Jeff Samarzdja Today is November 6th, which is Qualifying Offer Day in Major League Baseball. All teams have until 4:00pm EST to propose a qualifying offer to their eligible free agents. The White Sox have one player who is eligble to receive a qualifying offer, and that is starting pitcher Jeff Samardzija.

The qualifying offer is set at $15.8 million dollars this year; and with that price, a plethora of questions and rumors begin to stir about what the Sox should do with Samardzija.

The Northwest Indiana native, who will be 31 years old by Opening Day next season, is coming off the worst season of his career. He went 11-13 with a 4.96 ERA for the Sox last year as he “led” all Major League pitchers in base hits allowed, and earned runs allowed.

Still, there is a significant amount of optimism around Major League Baseball that Samardzija can still be a quality starting pitcher. Although he is now on the wrong side of 30, he did not become a starting pitcher until his age-27 season in 2012. Therefore, most scounts tend to believe that his arm still has plenty of miles on it, as he is expected to land a massive contract in free agency should his name hit the open market.

Like any significant signing, there will be many pros and cons to either bringing Samardzija back to the South Side for another season, or deciding to let him walk.

On the positive side, Samardzija is still, by far, the best right-handed starter in the Sox organization (for now), and they will need a right-handed arm to balance out a rotation that is expected to be stacked with lefties in 2016. Sure, the Sox do possess a number of promising young right-handed arms; but if they were anywhere close to being Major League ready, the Sox likely would have told The Shark to pack his bags at the trade deadline in July. Samardzija had a horrific season in 2015, there’s no doubting that. But physically, he still appears to be in the prime of his career, so the chances of him having a bounce-back season in 2016 are probably more likely than the chances of him repeating his 2015 performance.

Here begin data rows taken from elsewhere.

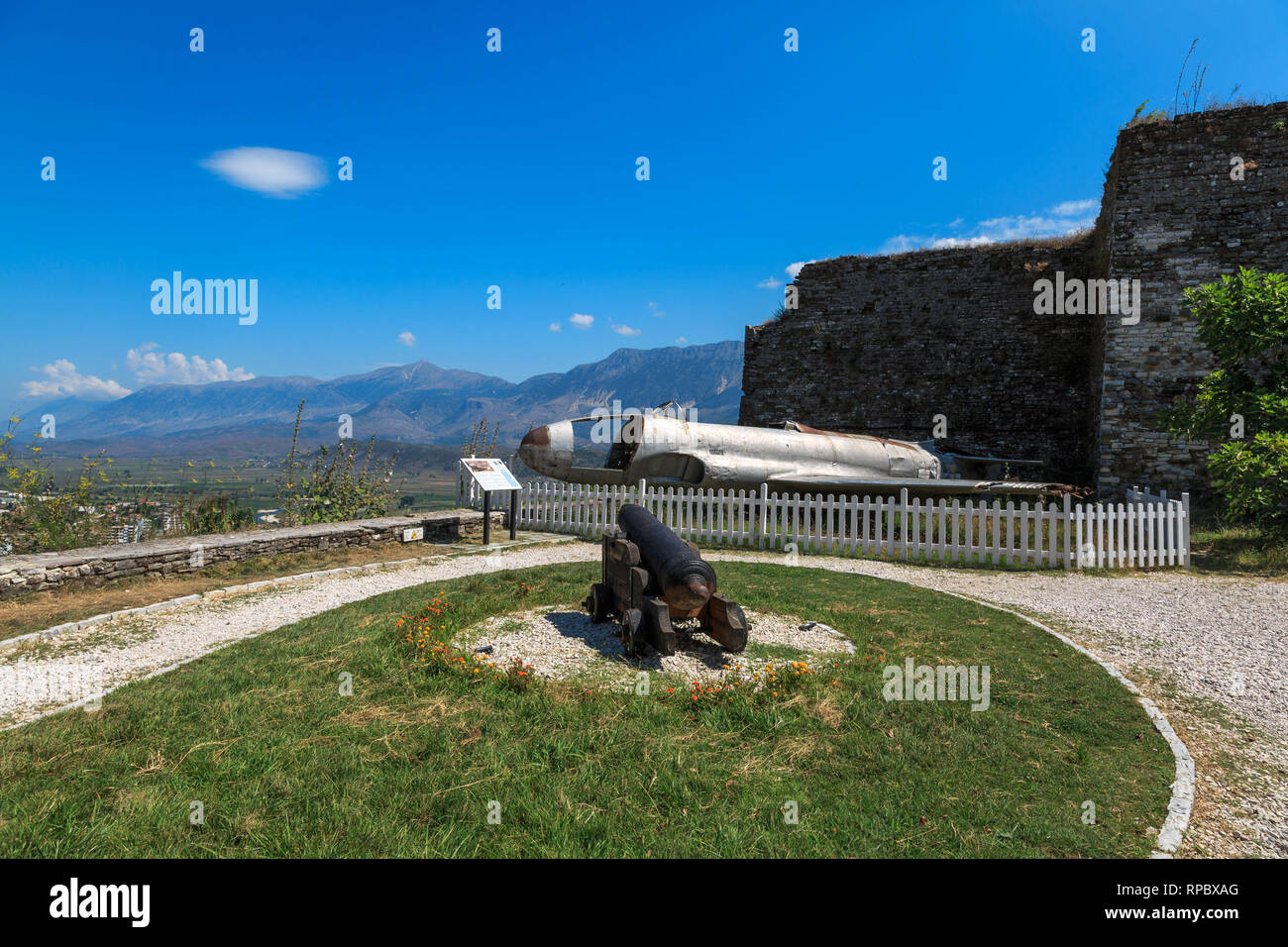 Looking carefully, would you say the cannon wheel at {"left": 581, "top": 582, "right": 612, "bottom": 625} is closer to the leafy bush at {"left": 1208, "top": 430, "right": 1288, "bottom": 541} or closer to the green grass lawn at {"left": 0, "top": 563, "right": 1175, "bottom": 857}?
the green grass lawn at {"left": 0, "top": 563, "right": 1175, "bottom": 857}

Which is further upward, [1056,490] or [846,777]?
[1056,490]

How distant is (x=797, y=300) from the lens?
2262 centimetres

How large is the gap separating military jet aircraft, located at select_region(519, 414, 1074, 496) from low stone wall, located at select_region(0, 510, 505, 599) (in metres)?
3.36

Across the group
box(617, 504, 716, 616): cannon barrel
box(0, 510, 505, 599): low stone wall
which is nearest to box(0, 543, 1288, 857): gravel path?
box(0, 510, 505, 599): low stone wall

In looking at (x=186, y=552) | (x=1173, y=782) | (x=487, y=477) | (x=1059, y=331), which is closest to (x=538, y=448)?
(x=487, y=477)

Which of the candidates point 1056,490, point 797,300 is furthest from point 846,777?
point 797,300

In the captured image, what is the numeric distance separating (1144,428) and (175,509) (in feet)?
69.9

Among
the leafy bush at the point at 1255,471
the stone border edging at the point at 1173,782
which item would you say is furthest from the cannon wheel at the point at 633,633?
the leafy bush at the point at 1255,471

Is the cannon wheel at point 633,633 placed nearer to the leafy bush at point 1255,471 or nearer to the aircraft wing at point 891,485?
the aircraft wing at point 891,485

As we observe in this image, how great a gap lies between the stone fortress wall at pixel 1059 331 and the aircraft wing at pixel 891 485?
11.4 ft

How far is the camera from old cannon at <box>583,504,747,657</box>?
564cm

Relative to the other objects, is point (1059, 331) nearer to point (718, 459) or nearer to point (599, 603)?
point (718, 459) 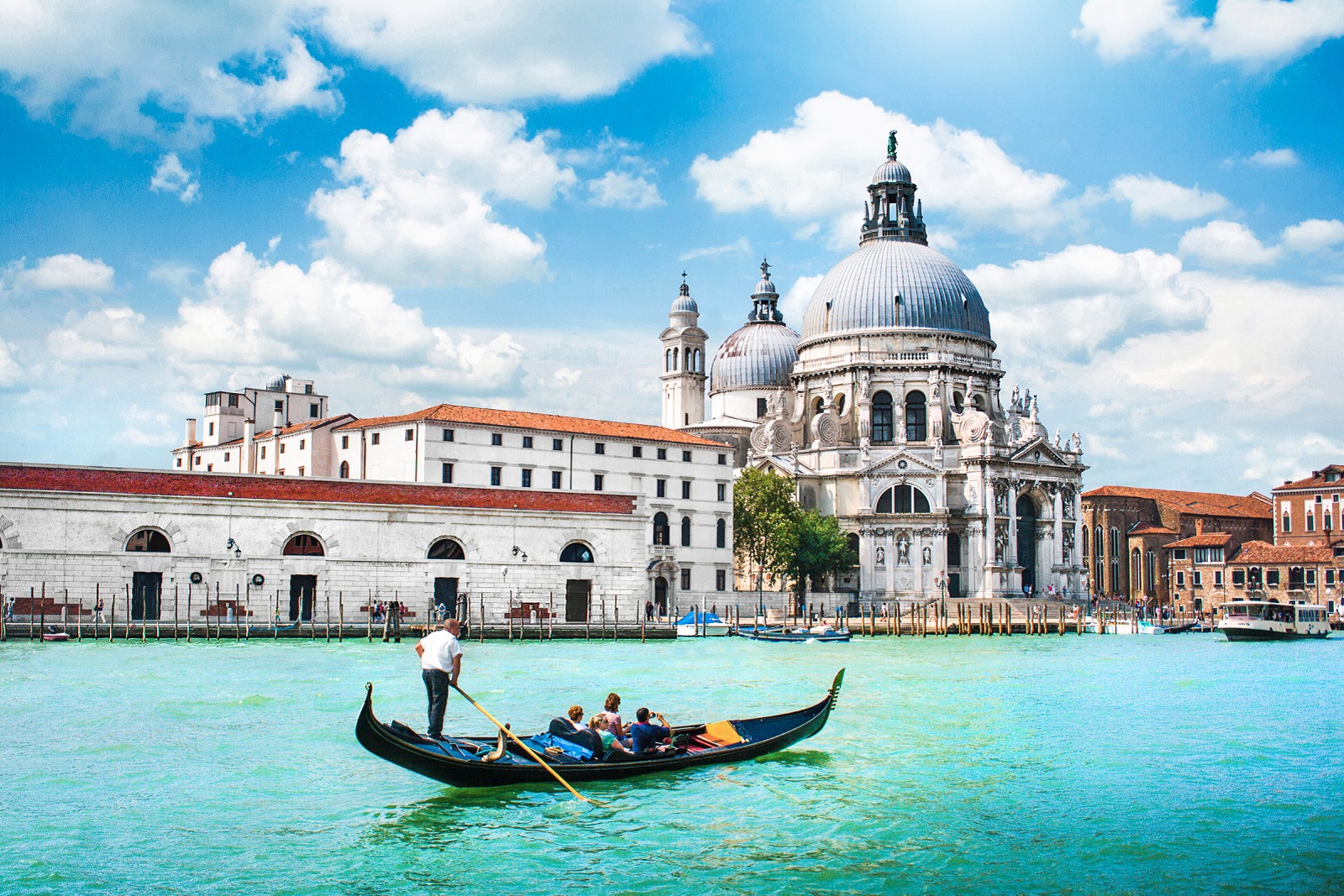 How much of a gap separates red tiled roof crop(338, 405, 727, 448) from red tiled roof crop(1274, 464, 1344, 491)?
110 ft

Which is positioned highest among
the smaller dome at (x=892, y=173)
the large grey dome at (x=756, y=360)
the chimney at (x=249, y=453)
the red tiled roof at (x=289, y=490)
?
the smaller dome at (x=892, y=173)

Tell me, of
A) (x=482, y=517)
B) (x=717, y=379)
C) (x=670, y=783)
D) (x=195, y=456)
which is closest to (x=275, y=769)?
(x=670, y=783)

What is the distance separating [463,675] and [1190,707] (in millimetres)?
13515

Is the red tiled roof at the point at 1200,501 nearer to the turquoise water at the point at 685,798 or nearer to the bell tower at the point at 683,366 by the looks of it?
the bell tower at the point at 683,366

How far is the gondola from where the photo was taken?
13094 millimetres

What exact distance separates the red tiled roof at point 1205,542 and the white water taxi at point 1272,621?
15312 mm

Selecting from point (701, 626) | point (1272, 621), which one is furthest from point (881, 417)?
point (701, 626)

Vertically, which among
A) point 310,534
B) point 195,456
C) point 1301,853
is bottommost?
point 1301,853

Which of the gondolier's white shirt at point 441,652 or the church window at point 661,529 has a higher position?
the church window at point 661,529

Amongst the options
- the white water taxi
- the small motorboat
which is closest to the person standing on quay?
the small motorboat

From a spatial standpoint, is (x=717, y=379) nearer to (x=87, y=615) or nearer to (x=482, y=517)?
(x=482, y=517)

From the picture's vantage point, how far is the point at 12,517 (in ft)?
105

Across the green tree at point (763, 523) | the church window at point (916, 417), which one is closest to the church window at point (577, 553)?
the green tree at point (763, 523)

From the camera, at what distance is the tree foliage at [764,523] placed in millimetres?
53000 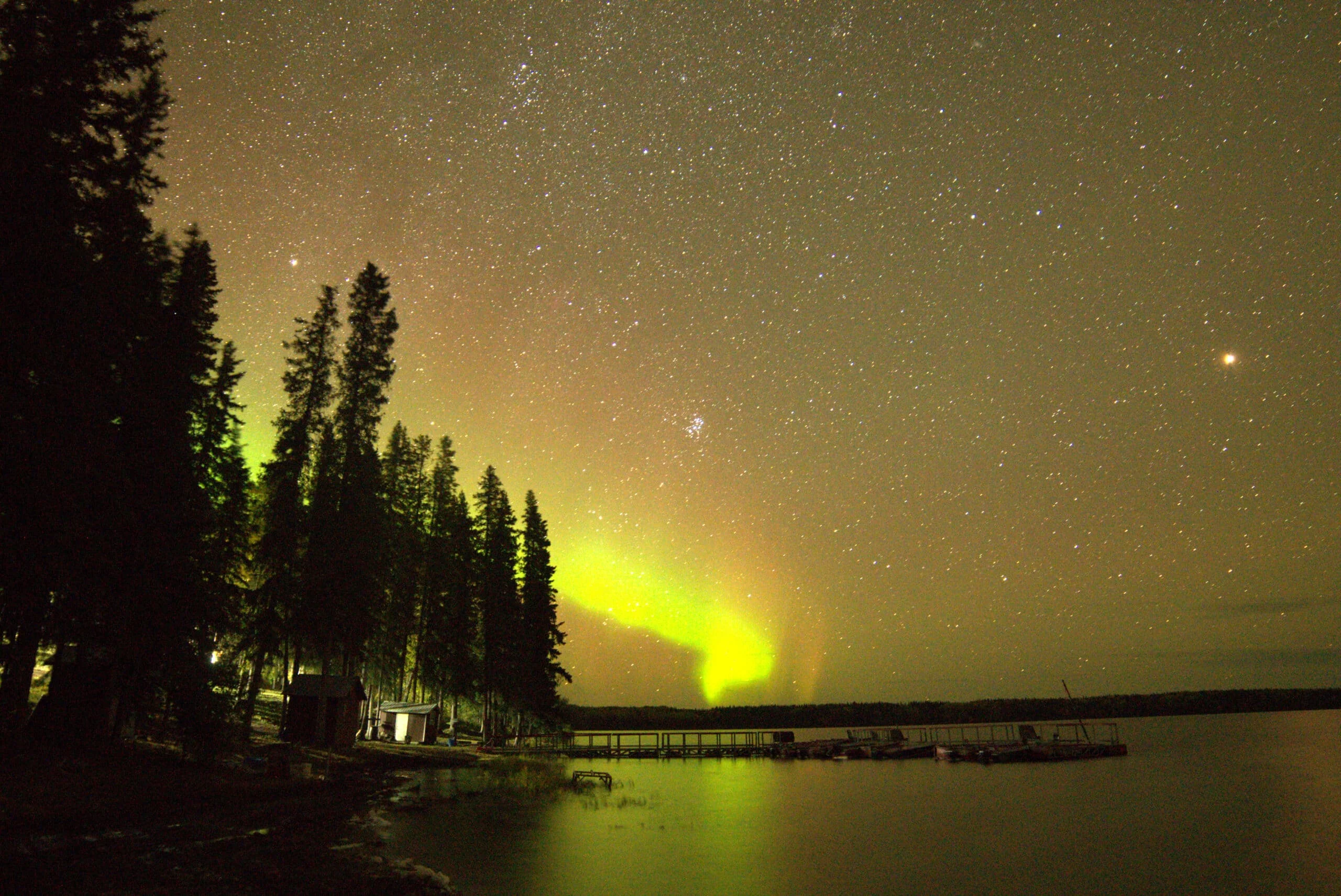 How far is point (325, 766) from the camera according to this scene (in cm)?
3203

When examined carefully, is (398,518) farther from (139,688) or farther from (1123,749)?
(1123,749)

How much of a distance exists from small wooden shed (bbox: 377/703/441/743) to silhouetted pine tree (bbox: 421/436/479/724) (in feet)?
6.51

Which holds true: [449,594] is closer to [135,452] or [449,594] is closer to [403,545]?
[403,545]

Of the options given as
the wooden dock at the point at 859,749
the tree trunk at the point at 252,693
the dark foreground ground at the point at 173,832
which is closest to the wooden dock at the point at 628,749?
the wooden dock at the point at 859,749

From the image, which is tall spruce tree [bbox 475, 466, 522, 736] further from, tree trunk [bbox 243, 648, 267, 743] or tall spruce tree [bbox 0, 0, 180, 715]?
tall spruce tree [bbox 0, 0, 180, 715]

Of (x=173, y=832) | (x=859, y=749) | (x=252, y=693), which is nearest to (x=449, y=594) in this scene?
(x=252, y=693)

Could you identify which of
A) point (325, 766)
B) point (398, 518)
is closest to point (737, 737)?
point (398, 518)

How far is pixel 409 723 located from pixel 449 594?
929cm

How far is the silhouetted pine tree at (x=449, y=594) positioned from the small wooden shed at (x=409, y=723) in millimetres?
1984

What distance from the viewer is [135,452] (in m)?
22.4

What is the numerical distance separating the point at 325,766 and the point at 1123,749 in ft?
254

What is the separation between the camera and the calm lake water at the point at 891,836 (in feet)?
74.8

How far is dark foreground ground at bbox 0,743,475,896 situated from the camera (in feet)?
44.3

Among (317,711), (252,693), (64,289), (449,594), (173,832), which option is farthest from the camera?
(449,594) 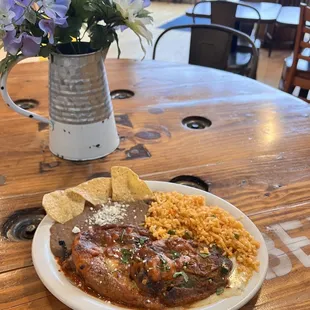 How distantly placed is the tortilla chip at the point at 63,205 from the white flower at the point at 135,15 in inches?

The Sox just cleared $10 million from their payroll by declining Alexei Ramirez’s contract option for next year. Could that be the writing on the wall that they will try and re-sign Samardzija?

On the negative side, $15.8 million dollars is an awful lot of money to pay for a player who just had an abysmal season. The Sox are already committed to doing that with John Danks next year, so why would they want to do it for Samardzija too? If they give Samardzija $15.8 million, then they will have $15.8 million less to patch up some some of the gaping holes that they have on their roster, including 3rd base, catcher, and now shortstop.

The bottom line is that the Sox, at some point this offseason, will need to secure a quality right-handed pitcher for next season if they want to make a run at the playoffs. All indications from the past year or so is that the organization is in “win now” mode. They made a big splash during last year’s offseason, and then they refused to give up on their expensive yet underachieving veterans at the trade deadline.

Either way, the Sox are going to make a huge gamble today, whether they like it or not. If they present the qualifying offer to Samardzija and he accepts it, they will have made a huge investment. If they don’t present the offer, their best right-handed starter will hit the open waters of free agency.

It will be very interesting to see how the next few hours unfold.